• _EXERCISE DIRECTIONS_
Please give back each line of the material unchanged, but without the images.

• _MATERIAL PROVIDED_
※

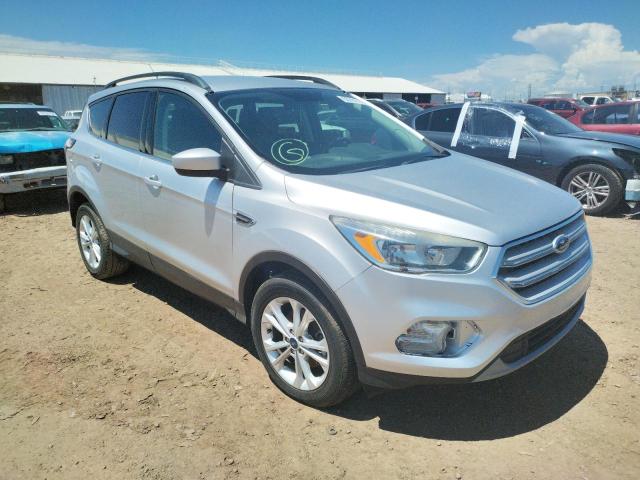 FORD ESCAPE SE 2018 with VIN 1FMCU0GD3JUA73752 - Photo from auction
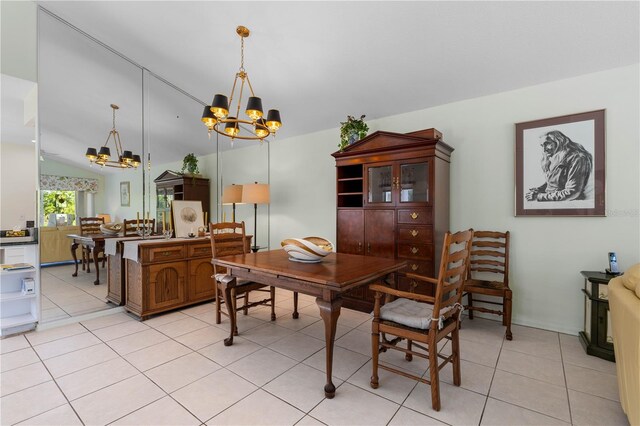 tiled office space with a notable chandelier and vaulted ceiling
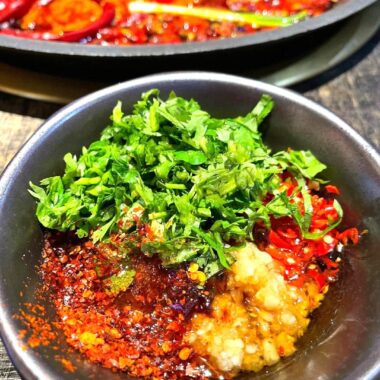 This perfect blend of peanut butter, soy sauce, garlic, chili oil, and Sichuan peppercorns lets you recreate the Copycat Haidilao Hot Pot Dipping Sauce at home!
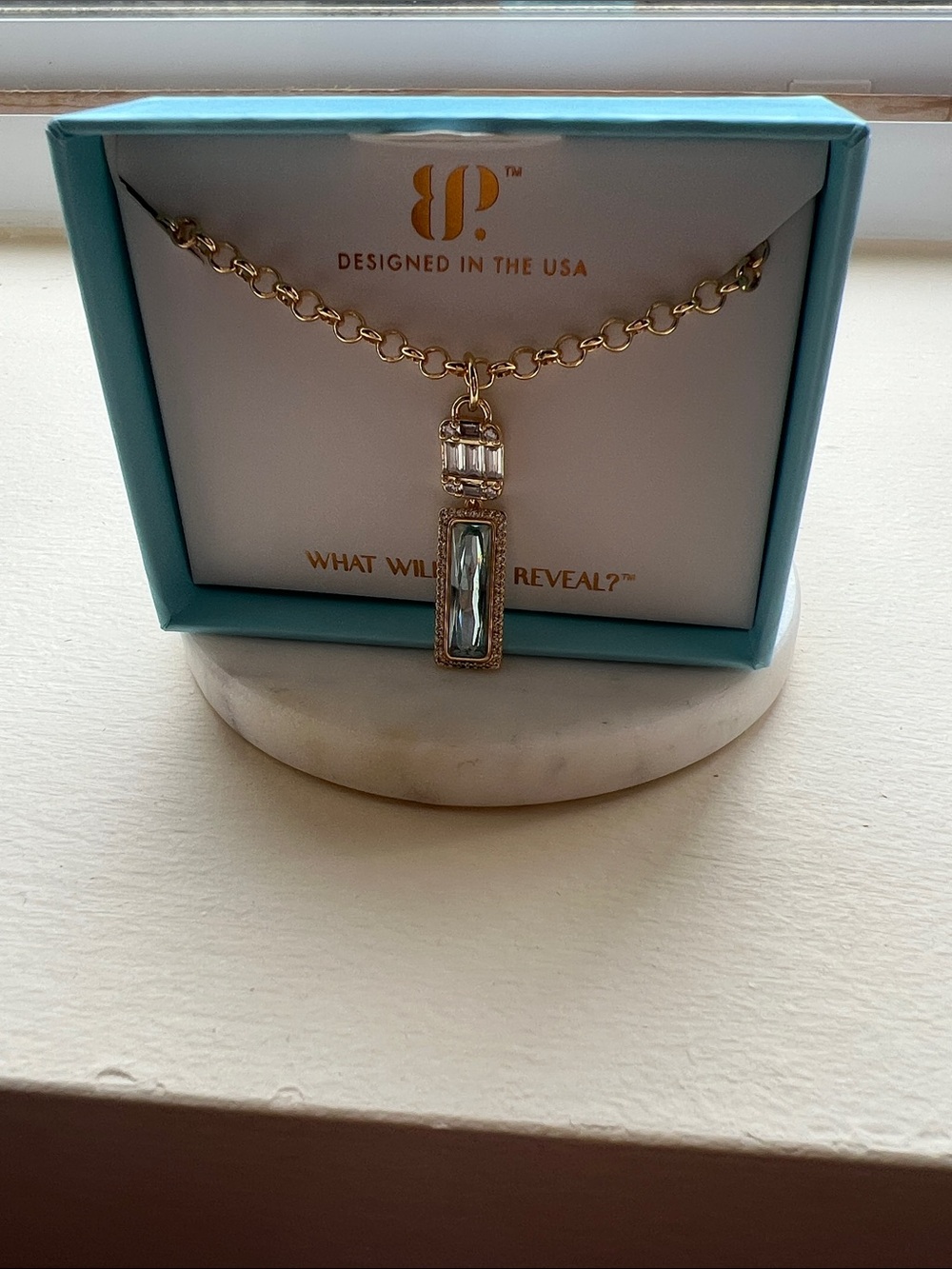 Gold-Tone Pendant Necklace with Pale Blue Crystal Accent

※

• _REPLY TO THE EXERCISE_
 FORD ESCAPE SE 2018 with VIN 1FMCU0GD3JUA73752 - Photo from auction
 tiled office space with a notable chandelier and vaulted ceiling
 This perfect blend of peanut butter, soy sauce, garlic, chili oil, and Sichuan peppercorns lets you recreate the Copycat Haidilao Hot Pot Dipping Sauce at home!
 Gold-Tone Pendant Necklace with Pale Blue Crystal Accent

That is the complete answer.